Polemik Putusan Mahkamah Konstitusi Nomor 90/PUU-XXI/2023 tentang Ketentuan Tambahan Pengalaman Menjabat dari Keterpilihan Pemilu dalam Syarat Usia Minimal Capres/Cawapres yang memberikan karpet merah kepada anak sulung Presiden Joko Widodo, Gibran Rakabuming Raka, menjadi bakal calon wakil presiden mengisyaratkan bahwa demokrasi kita semakin mengalami regresi.
Sejatinya dari pemilu ke pemilu penyelenggara negara semakin berkualitas, kompeten, dan berintegritas.
Namun faktanya, hajatan yang digelar setiap lima tahun sekali, hanya melahirkan banyak politisi, tetapi defisit negarawan.

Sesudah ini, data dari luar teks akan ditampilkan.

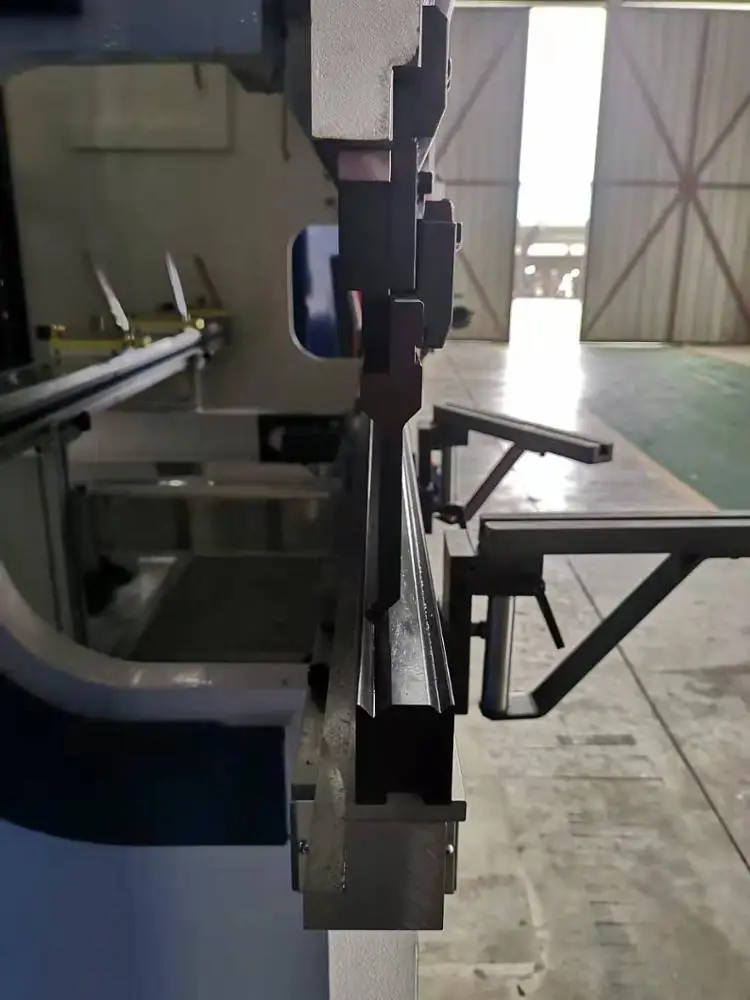 Factory Price Sheet Metal CNC Hydraulic Press Brake / Bending Machine/Bender China Made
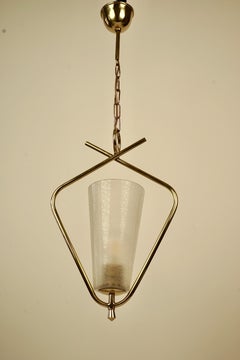 Lámpara colgante de latón de mediados de siglo con pantalla de cristal texturado, R. Nikoll Austria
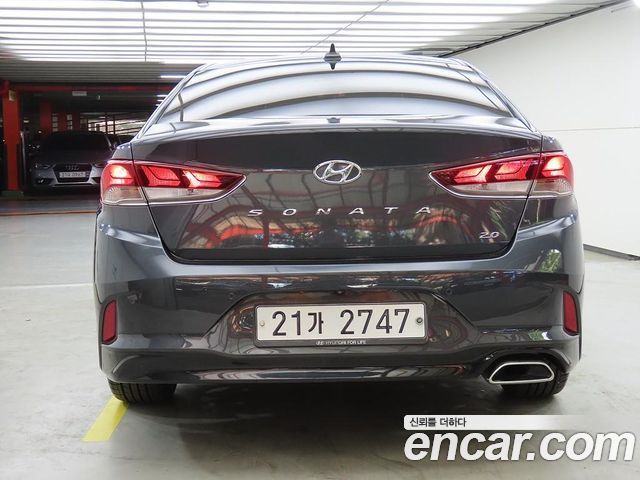 Hyundai Sonata 2.0 Style - фото 1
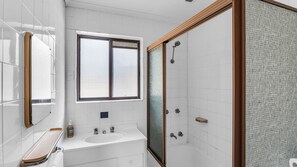 Bathroom - Cuttagee Beach Cottage 3 - Tathra Bermagui Rd 3521 (BARRAGGA BAY)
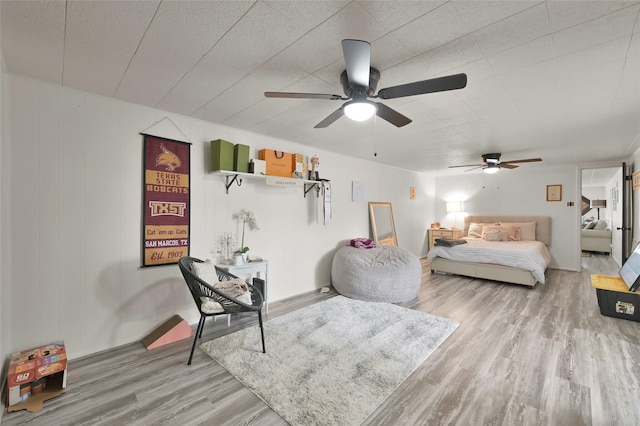 bedroom featuring light wood-type flooring and a ceiling fan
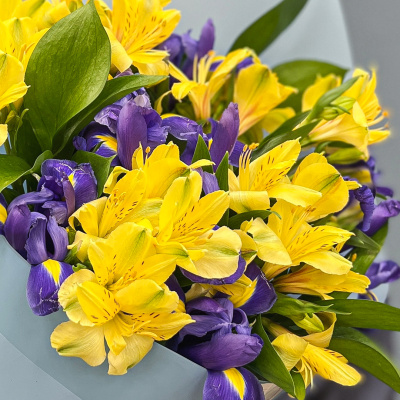 Букет "Ириска" с альстромерией и ирисами N 27802 Букет "Ириска" с альстромерией и ирисами N 27802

Alhasil, para politisi pemburu kekuasaan memotong linearitas korelasi waktu dan kualitas sehingga terjebak dalam demokrasi liberal yang menghasilkan elite bebal politik (Nashir, 2020).
Korupsi, kolusi dan nepotimse (KKN) semakin tumbuh subur. Keterlibatan para anggota keluarga ramai-ramai.
Mantu sebagai kepala daerah, anak sulung menjadi penerus pemegang kekuasaan sang ayah, anak berikutnya diangkat menjadi ketua umum partai politik tingkat pusat yang baru mendapatkan KTA dua hari dan adik ipar menjadi ketua Mahkamah Konstitusi.
Meskipun nepotisme sudah diatur dalam Ketetapan (TAP) MPR Nomor XI/1998 dan Undang-Undang (UU) Nomor 28 Tahun 1999 tentang penyelenggaraan negara yang bebas dan bersih dari KKN, bahkan pelaku nepotisme diancam hukuman dua tahun penjara.
Akan tetapi, di era reformasi dengan sistem pemilihan langsung dan terbuka, praktik dinasti terus berjalan dan mendapatkan ruang untuk bisa melanggengkan kekuasaan.
Nepotisme telah melekat membentuk mentalitas bangsa Indonesia yang sulit diatasi. Di mulut berkata kepada pimpinan redaksi media tidak akan cawe-cawe untuk urusan pemilu 2024 karena komitmennya akan menjunjung tinggi independensi dan netralitas sehingga pemilu bisa berjalan aman dan lancar.
Namun laku dan perbuatan jauh dari nilai-nilai demokrasi. Politik tanpa etika dilakukan. Semua cara menjadi halal asal kawan kalah.
Demi sang anak berkuasa, Mahkamah Konstitusi diseret mumpung sedang diketuai oleh pamannya. Kapan lagi dapat menggunakan momentum ini.
Politik dilakukan secara brutal dengan memanfaatkan hukum sebagai alat politik. Namun dirinya tidak sadar bahwa apa yang dilakukan sedang melakukan pembusukan demokrasi. Nalar kritis dan akal sehat demokrasi secara sengaja dimatikan.
Dalam diskusi di Kompas TV bertajuk “Selamat Datang Dinasti Jokowi”, salah satu narasumber, Sukidi, sang pemikir kebhinekaan menyebut bahwa fenomena ini sebagai politik machiavellian.